▶ _REQUIRED ACTION_
The answer is the data repeated in full, with no pictures included.

▶ _DATA BELOW_
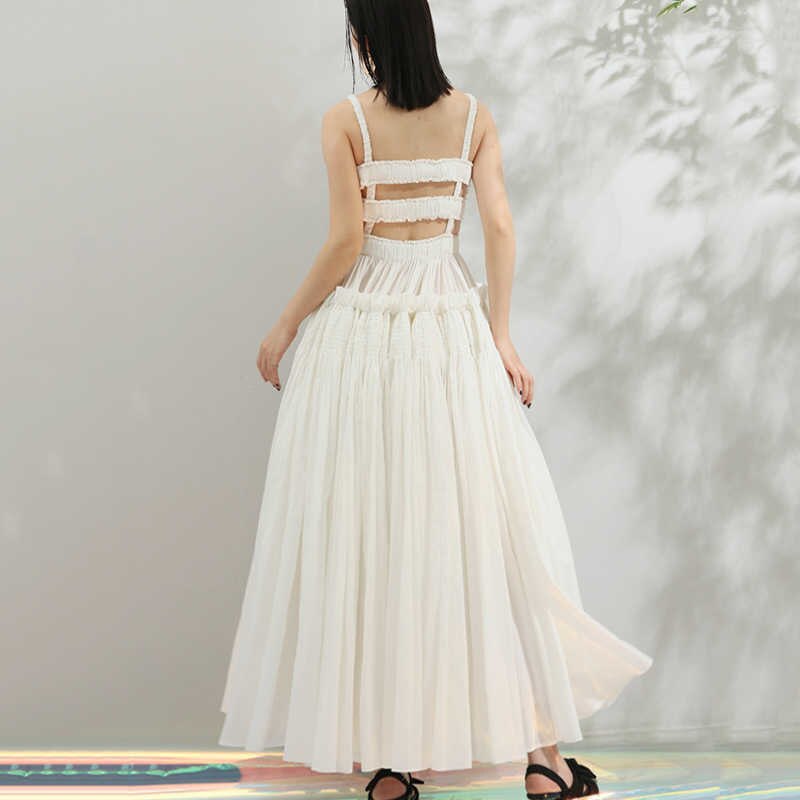 TAKARA BACKLESS STRAPS PUFF MAXI DRESS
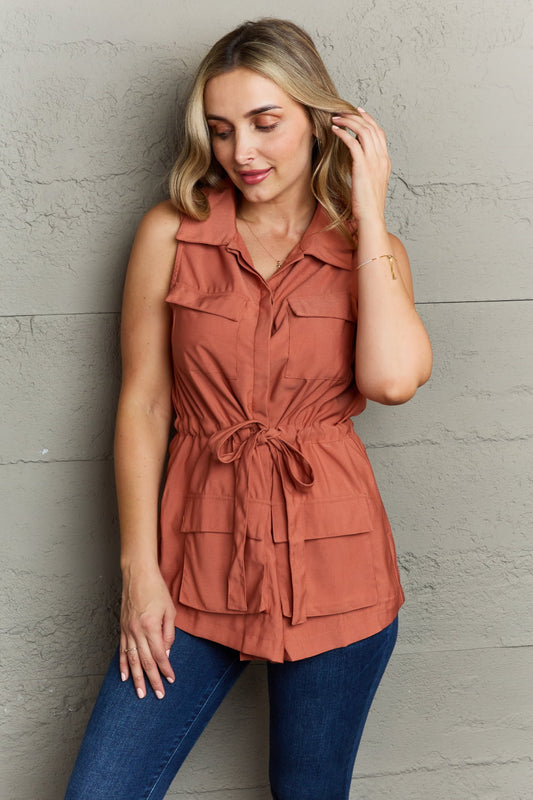 Ninexis Follow The Light Sleeveless Collared Button Down Top  Trendsi Rust S 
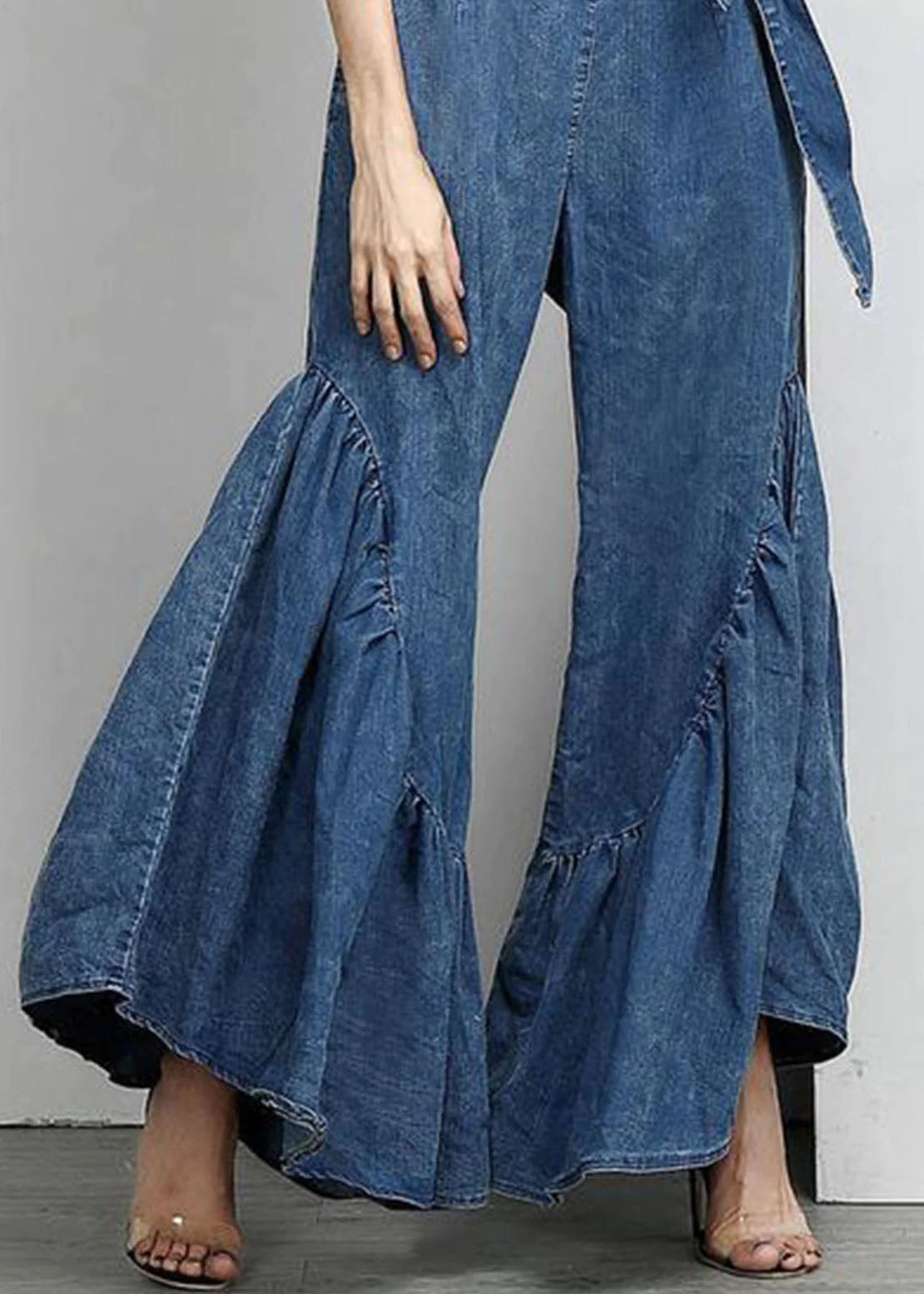 Italian Blue Ruffled Bow Waist Patchwork Denim Pants Summer LY3947 - fabuloryshop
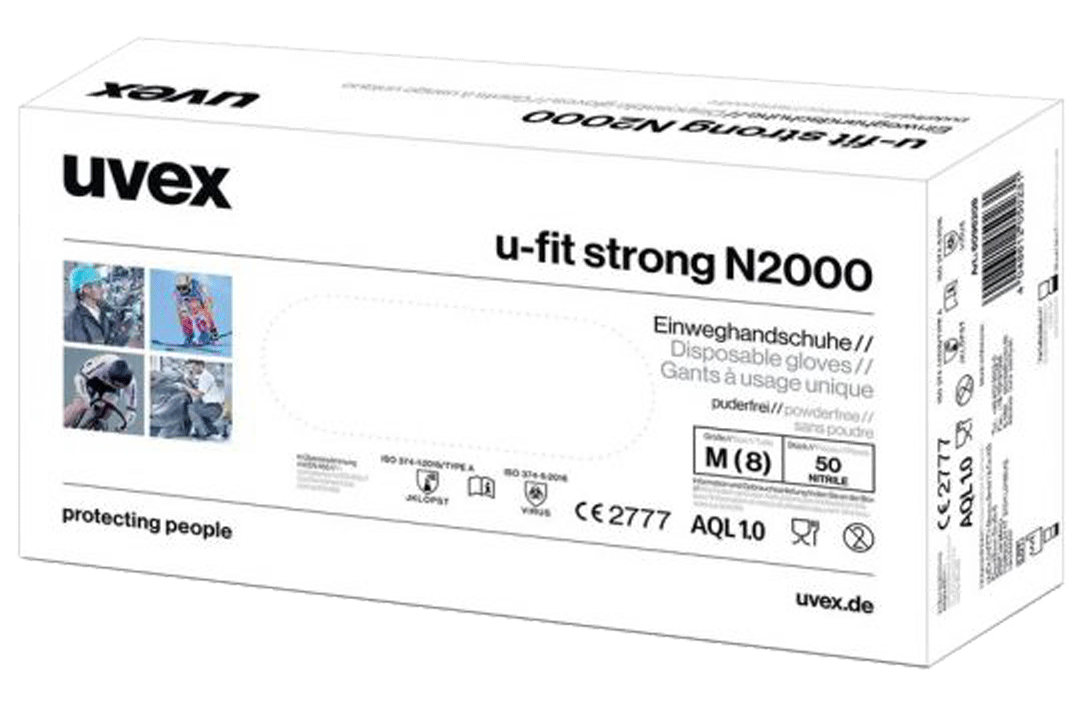 Uvex - Gants de protection en nitrile - à usage unique - 0.2 mm - n°2 - U-Fit Strong N2000 - Bugnard.ch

▶ _SOLUTION TO THIS PROBLEM_
 TAKARA BACKLESS STRAPS PUFF MAXI DRESS
 Ninexis Follow The Light Sleeveless Collared Button Down Top  Trendsi Rust S 
 Italian Blue Ruffled Bow Waist Patchwork Denim Pants Summer LY3947 - fabuloryshop
 Uvex - Gants de protection en nitrile - à usage unique - 0.2 mm - n°2 - U-Fit Strong N2000 - Bugnard.ch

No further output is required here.